* [What this task involves]:
A word-for-word copy of the data is what's wanted; pictures stay out of it.
----- Data block
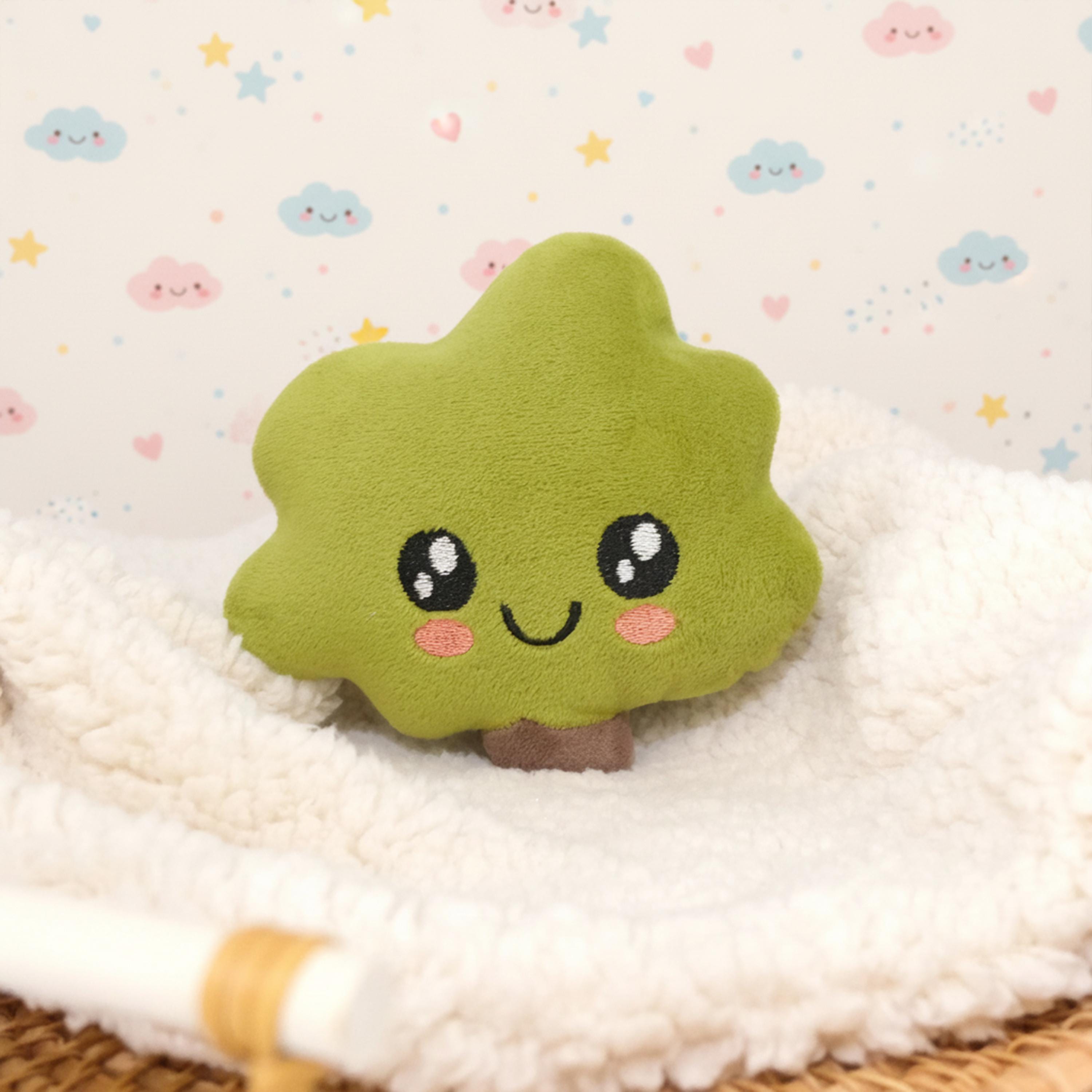 Tree Plush Prototype A – Handmade Tree Plushie, Soft Tree Toy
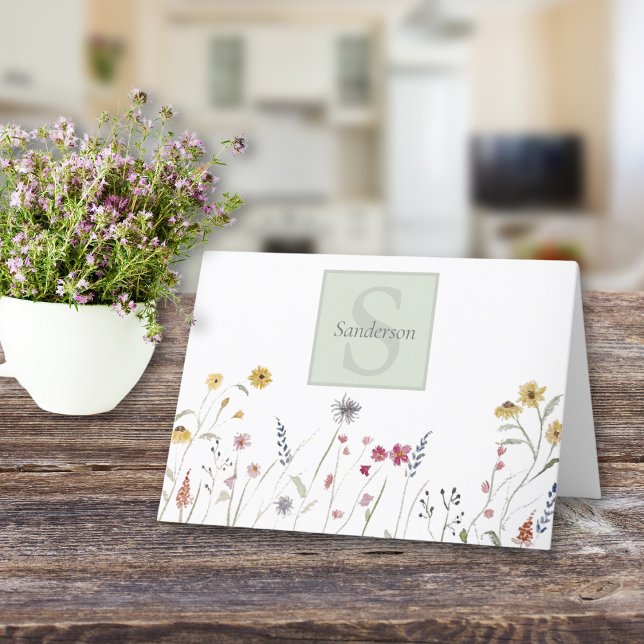 Carte De Remerciements Fleur sauvage d'aquarelle monogramme (Créateur téléchargé)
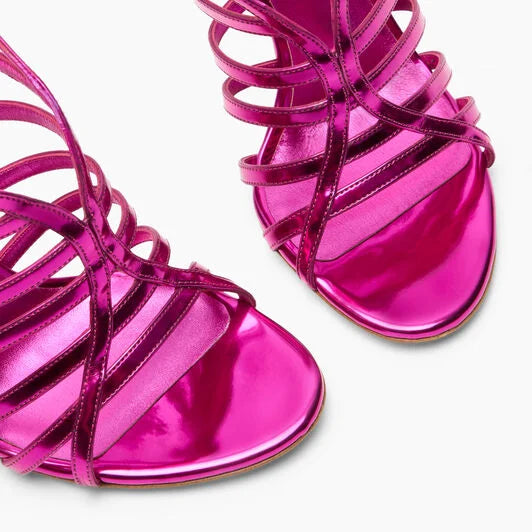 Women's Metallic Open-Toe Slingback High Heel Sandals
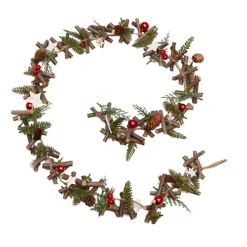 Traditional Red 34cm Wreath And 1.7m Garland Christmas Decorations -Deals Christmas Decor Store traditional red 34cm wreath and 1 7m garland christmas decorations5060964609249 03c MP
----------
* [Result]:
 Tree Plush Prototype A – Handmade Tree Plushie, Soft Tree Toy
 Carte De Remerciements Fleur sauvage d'aquarelle monogramme (Créateur téléchargé)
 Women's Metallic Open-Toe Slingback High Heel Sandals
 Traditional Red 34cm Wreath And 1.7m Garland Christmas Decorations -Deals Christmas Decor Store traditional red 34cm wreath and 1 7m garland christmas decorations5060964609249 03c MP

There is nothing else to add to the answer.